*WHAT YOU NEED TO DO:* Reproduce the listing below from the line with "And it's going" to the line with "Those are the", both lines included, character for character, minus any pictures.
[Opening EXTRACTED INFORMATION section]
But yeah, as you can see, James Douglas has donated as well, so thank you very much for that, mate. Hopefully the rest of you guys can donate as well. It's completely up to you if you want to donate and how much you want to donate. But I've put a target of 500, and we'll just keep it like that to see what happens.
[Closing EXTRACTED INFORMATION section]
[Opening EXTRACTED INFORMATION section]
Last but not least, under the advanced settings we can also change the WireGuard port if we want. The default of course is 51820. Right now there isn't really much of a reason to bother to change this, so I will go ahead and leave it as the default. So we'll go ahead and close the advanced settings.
[Closing EXTRACTED INFORMATION section]
[Opening EXTRACTED INFORMATION section]
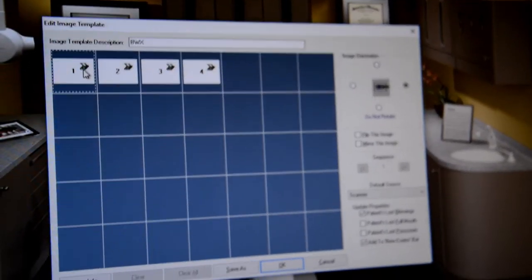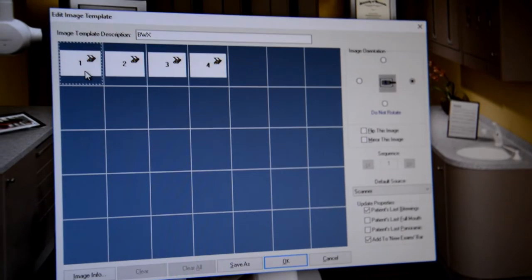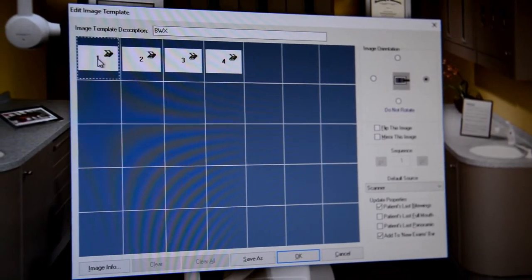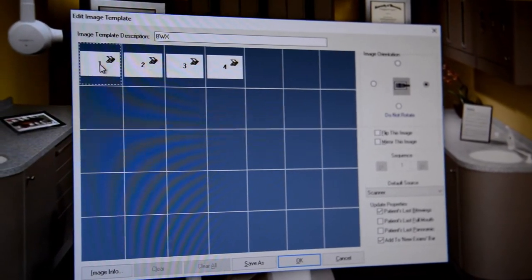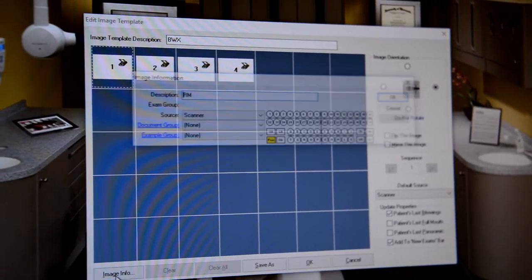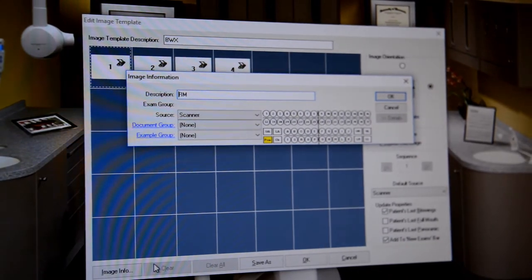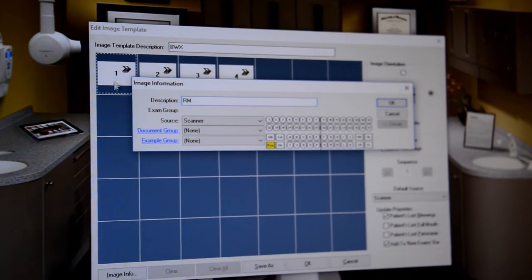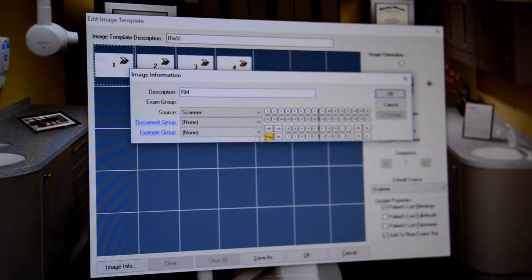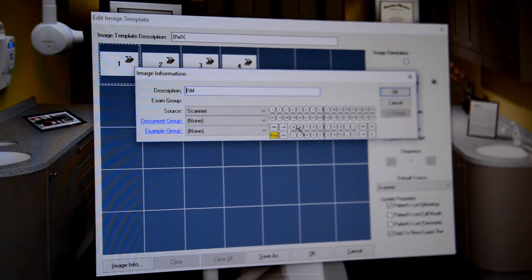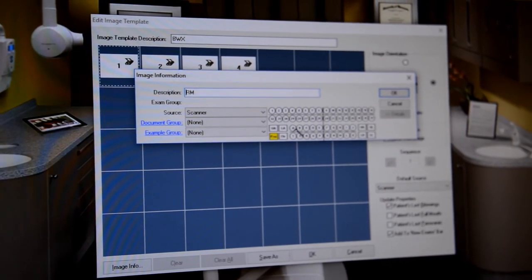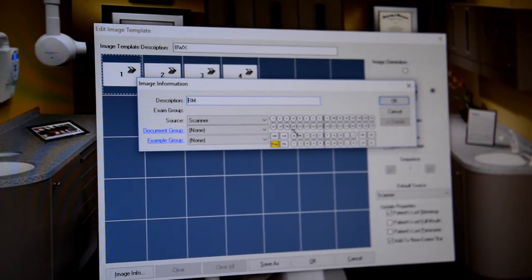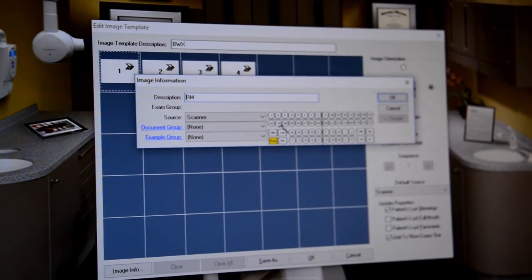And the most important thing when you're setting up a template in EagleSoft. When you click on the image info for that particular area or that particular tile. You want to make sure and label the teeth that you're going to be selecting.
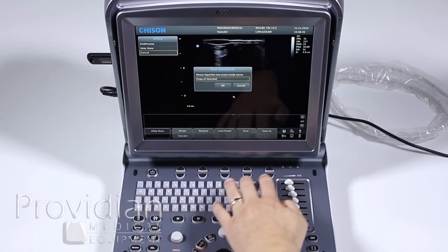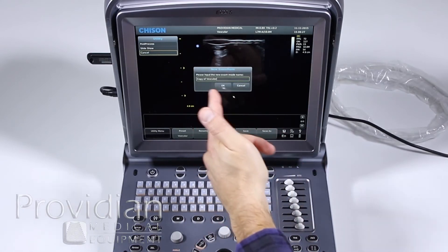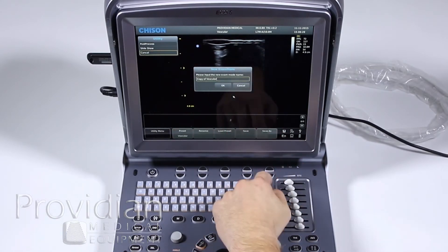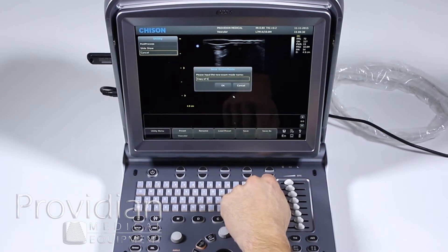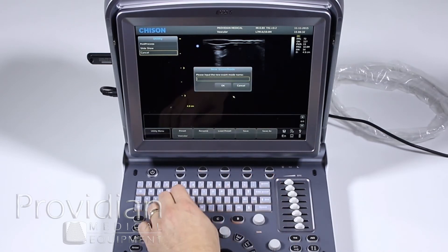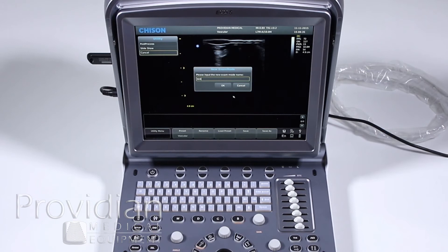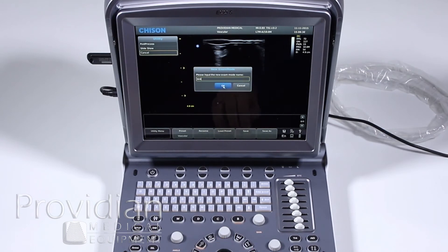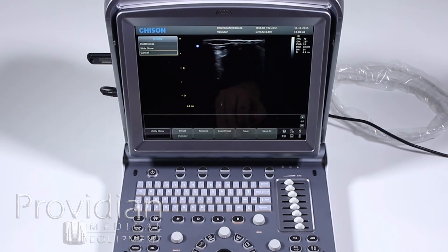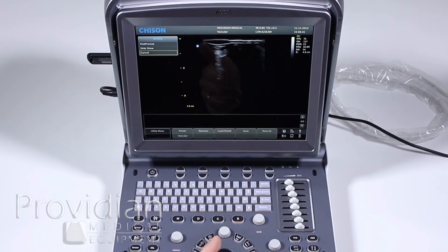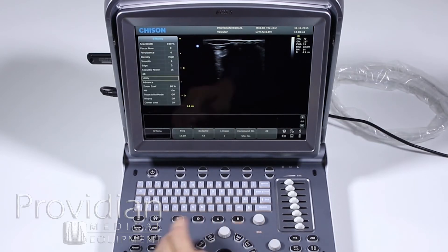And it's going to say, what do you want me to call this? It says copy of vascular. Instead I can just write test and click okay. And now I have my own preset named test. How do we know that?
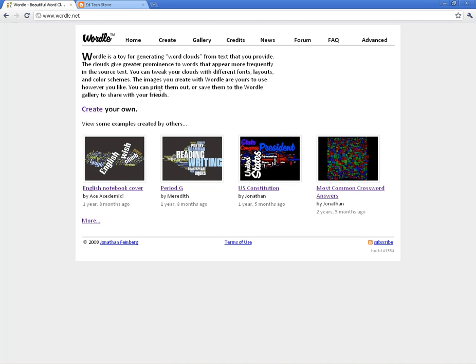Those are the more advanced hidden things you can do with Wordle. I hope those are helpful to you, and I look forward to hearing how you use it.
[Closing EXTRACTED INFORMATION section]
*OUTPUT FOR THIS TASK:*
And it's going to say, what do you want me to call this? It says copy of vascular. Instead I can just write test and click okay. And now I have my own preset named test. How do we know that?
Those are the more advanced hidden things you can do with Wordle. I hope those are helpful to you, and I look forward to hearing how you use it.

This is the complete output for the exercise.